You say " 1. Automated regression checking (or whatever you want to call it, basically anything other than ATDD/TDD activities) is focusing on risks around the application that are not explicitly business focused."

I agree with you, and nothing stops you to use GWT to describe the automated tests that are not explicitly business focused. I am not saying it is the best choice but it is a choice and it does work in some contexts

You say “Doing all your change detection activities with GWT is an inefficient and ineffective approach.”
we’ll have to agree to disagree on this :smiley: , I am sure your way works very well for you and I won’t try to change your mind. Mine works too :speak_no_evil:

Again, totally agree. It’s worthless without the conversation. In my original post, I am making the assumption that teams that do Outside-in-Development have nailed the conversation part first.

What I am attempting to do is try and frame the automation tooling part of BDD and how it compares to other automation activities. I’m trying to highlight the difference in a way that doesn’t tread the typical reply of ‘BDD is not about testing it’s about conversations’. Which I feel as a phrase doesn’t contextualise what the tools are actually for and is overly dismissive to both activities.

Fair enough will have to disagree on that. I personally think that the troubles teams have with automation are because they are trying to use GWT which is designed to make you think abstractly to test implicit ideals of a system. But yeah, it’s about preference and context. It tends to be my experience that this conversation isn’t even had when strategising automation so it’s worth discussing the merits and drawbacks of both approaches (ATDD without GWT tooling creates a barrier for the business). Automation strategies tend to agreed based on tooling rather than risk so I want to raise awareness of that.

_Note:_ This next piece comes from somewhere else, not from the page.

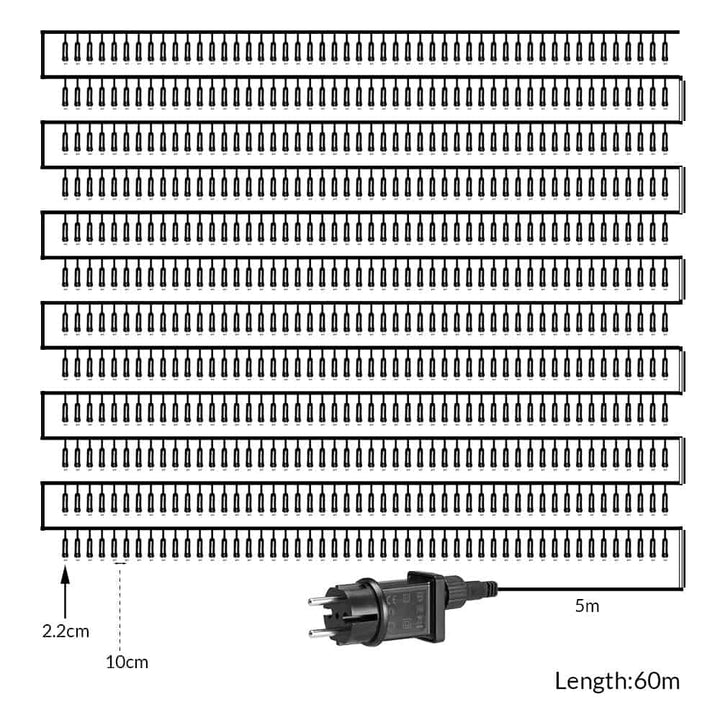 Christmas Fairy Lights Cold White 65m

However, allow me turn it my argument on its head and offer an alternative. Imagine if you have some well-formed examples that have come out from an excellent discussion and the team uses them in an ATDD approach to deliver what the business wants. Throwing another 20 or 30 examples in there that document all the other testing that was done would de-value the examples caught at the start and they cease to be living documentation, they becomes test cases, which doesn’t help the shared understanding we are trying to achieve with conversations.

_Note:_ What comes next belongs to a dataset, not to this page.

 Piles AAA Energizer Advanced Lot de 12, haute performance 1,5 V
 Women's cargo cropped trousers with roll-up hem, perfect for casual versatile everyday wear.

I’ve had experiences where we have fallen into this trap and it’s bled into the conversations where we focus too much on capturing how we are going to test a feature, rather than what value do we want to deliver the business/user.

1 Like

Before discussing the use of cucumber, we should have knowledge of the cucumber tool. Cucumber is basically the testing tool that supports the BDD (Behavior-driven development). BDD is an approach that consists of defining the behavior of any feature through examples in plain text.

Cucumber does the same thing, it read out the specifications which are written in the plain text by the user and it validates the response as per the specifications are given. The main benefit of using cucumber is that it is an open-source tool and many QA testing services providers are using it because it helps the user to write the test cases that anyone can easily understand regardless of their technical knowledge.

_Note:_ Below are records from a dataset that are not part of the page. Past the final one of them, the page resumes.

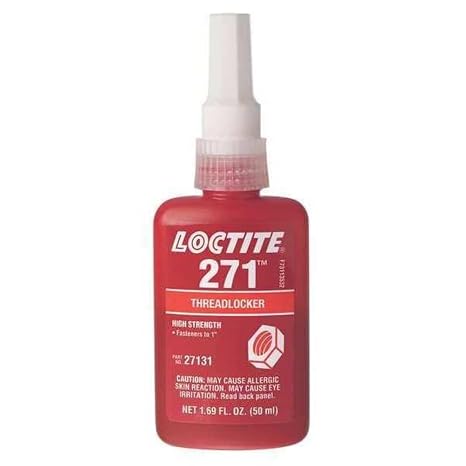 Loctite Threadlocker, LOCTITE 271, Red, High Strength, Liquid, 50 mL Bottle 135381-1 Each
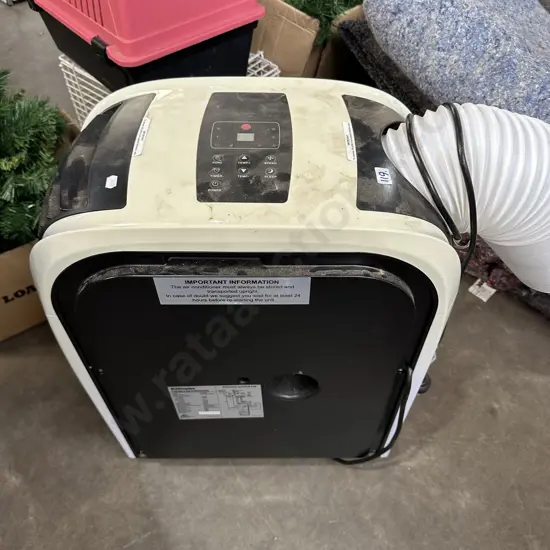 portable air conditioner, file cab, card table plus round office table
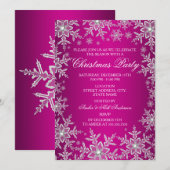 Invitation de fête de Noël Crystal Snowflake Hot P (Devant / Derrière)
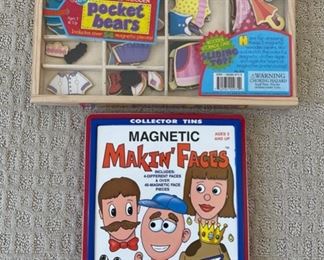 HALF OFF! $6.00 NOW, WAS $12.00...................Pocket Bears and Magnetic Face Toy (S198)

Cucumber has the specific the syntax rules called ‘Gherkin’. It is the collection of the grammar rules which convert the plain text in such a way that cucumber can understand that.

Below is the example of scenario written in Gherkin language:

Scenario: AddTwoNumbers

  • Given I have two nos five & ten
  • When I add two numbers
  • Then their sum should be equal to fifteen

Many software testing companies use Cucumber because of following reasons:

  1. QA folks can write Test scripts without having in-depth knowledge of programming/coding which is a huge plus.
  2. Cucumber is also pretty simple and easy to set up as compared to other testing tools. This tool also supports multiple programming languages and flexible with different software platforms like Selenium, Ruby on Rails, Watir, etc.

Hope this information is helpful for you!